March 25 @ 2:00 pm - 3:30 pm

We are pleased to announce the next installment of the QUFA Political Action and Communications Committee (PACC) panel series entitled: Surveillance @ Work: Forms, Dimensions, and Resistance. The event will be held on March 25 at 2:00pm. This is a hybrid event, but we invite QUFA members especially to attend in person at the University Club on campus. Food and refreshments will be served. Please RSVP by March 23rd to Elizabeth Polnicky at ep43@queensu.ca if you will be attending in person or to receive the Zoom link.

In a moment marked by the authoritarian appropriation of technology, expanding austerity, and intensifying political repression, surveillance practices and extractive logics are converging in unprecedented ways. This panel examines how Big Data, AI, and digital monitoring systems are undermining privacy and academic freedom as well as transforming labour relations — extracting value from workers while deepening precarity within and across sectors.

From algorithmic oversight in universities to performance scoring, the integration of AI in teaching and administrative tasks, and data-driven management on global platforms, digital systems increasingly structure how work is measured, evaluated, and controlled. These processes not only intensify labour and, in some cases, replace human work, but also erode privacy, academic freedom, and professional autonomy. At the same time, the extractive practices of global tech corporations deepen vulnerabilities for workers across geographical and institutional contexts.

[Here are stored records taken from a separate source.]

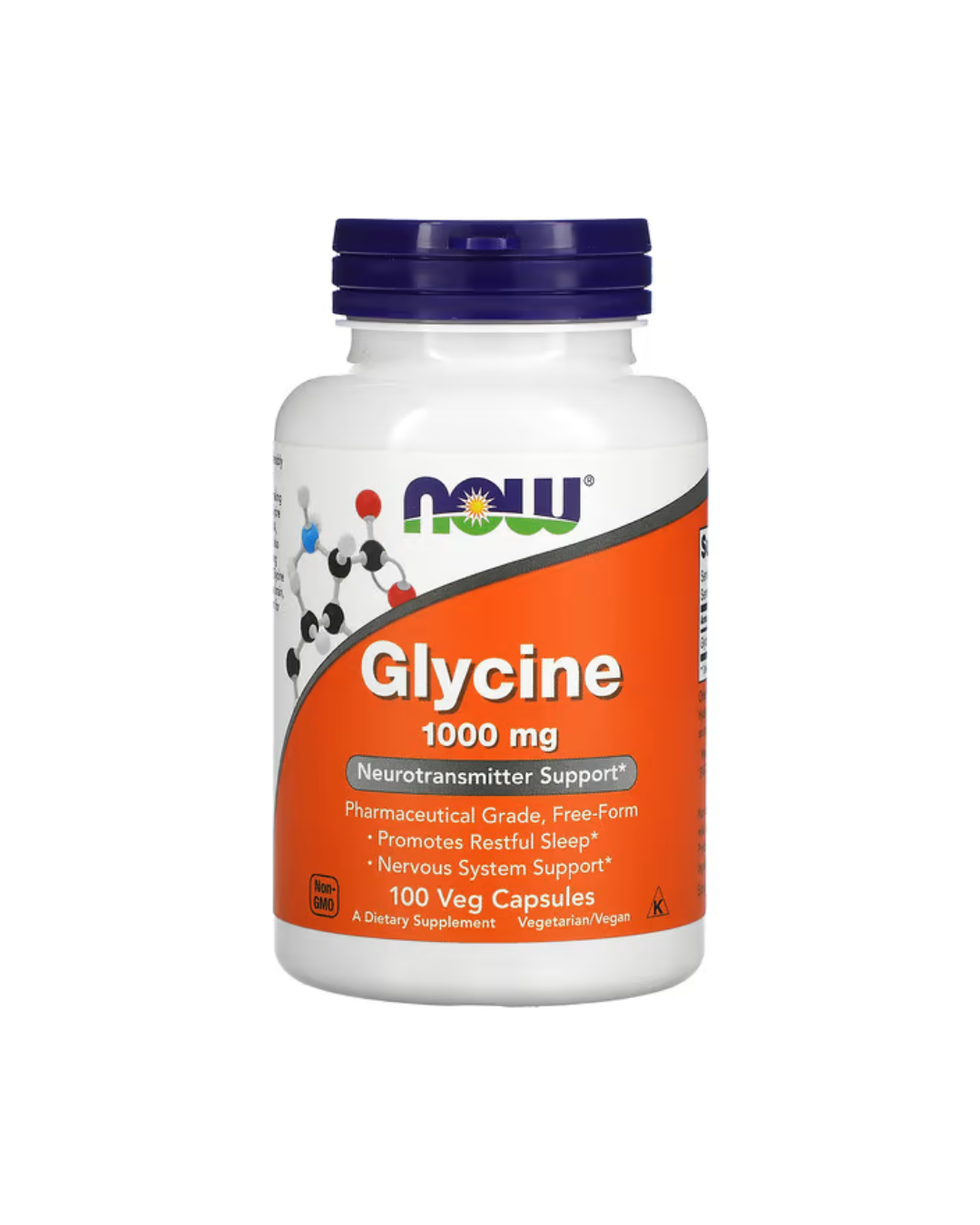 NOW Foods Glycine 1000 mg – 100 Veg Capsules
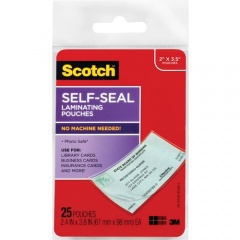 Scotch Self-sealing Laminating Business Card Pouches (LS851G)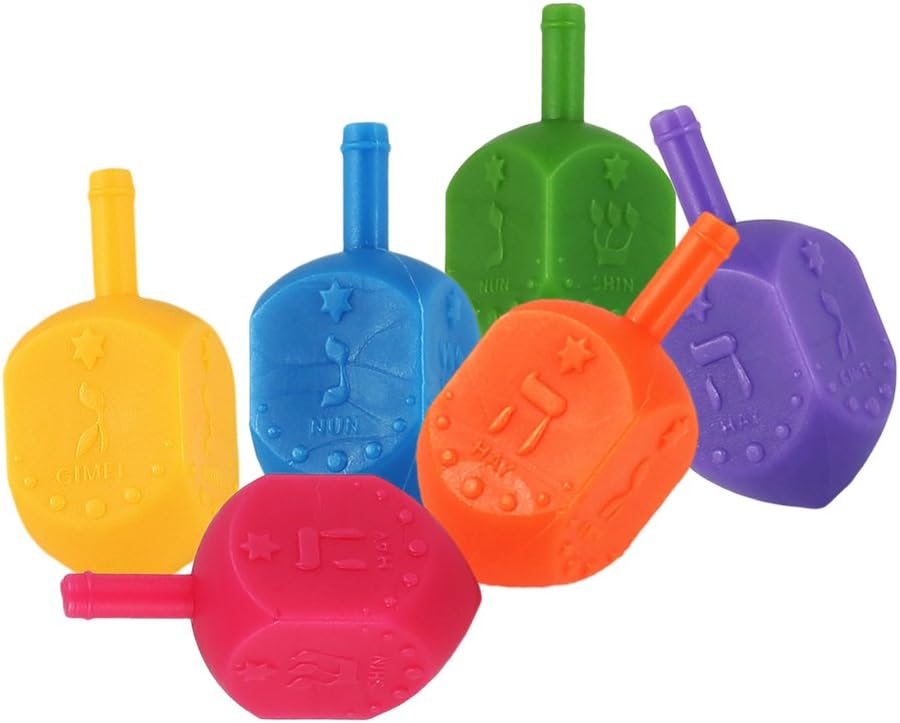 Zion Judaica Hanukkah Value Kit - Full Size Solid Menorah 44 Colored Candles Complete Hanukkah Guide Booklet 6 Colored Dreidels Sack of Milk Belgian Hanukkah Coins Gelt - All Essentials in 1 Box: Home & Kitchen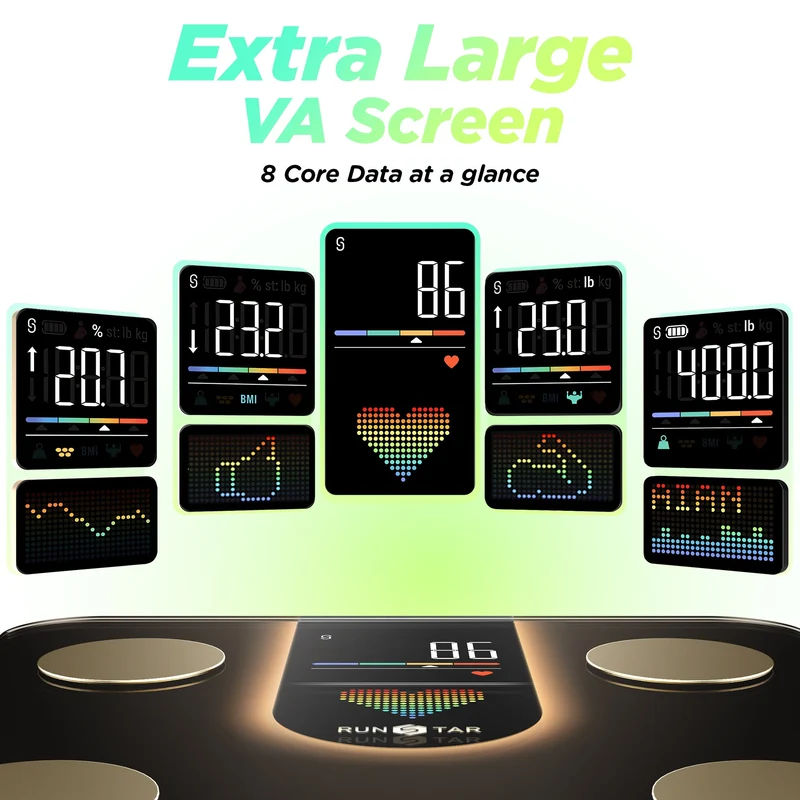 RunStar 4E SmartView Lite Smart Body Scale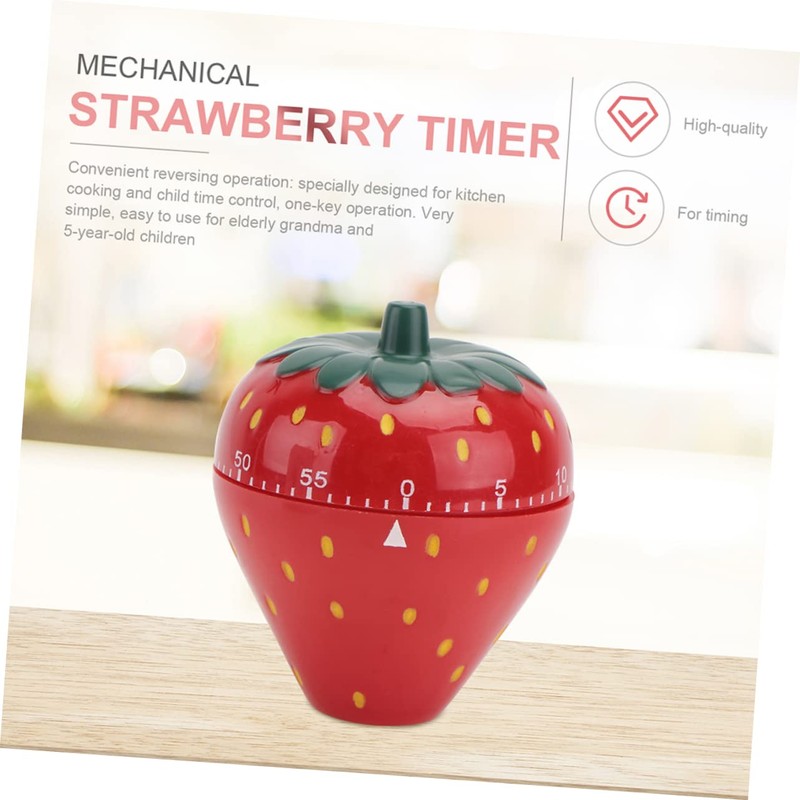 SHOWERORO Fruit Shape Mechanical Countdown Timer for Home Baking Cooking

In this panel, we will examine how these dynamics operate and function. We will further explore possible forms of resistance. The discussion will consider legal dimensions, the integration of digital labour rights and anti-surveillance demands into collective agreements, and strategies for organizing within and beyond academic institutions. We will also explore forms of transnational worker solidarity against data extraction and algorithmic control, and for equity-informed governance of workplace technologies within and across sectors.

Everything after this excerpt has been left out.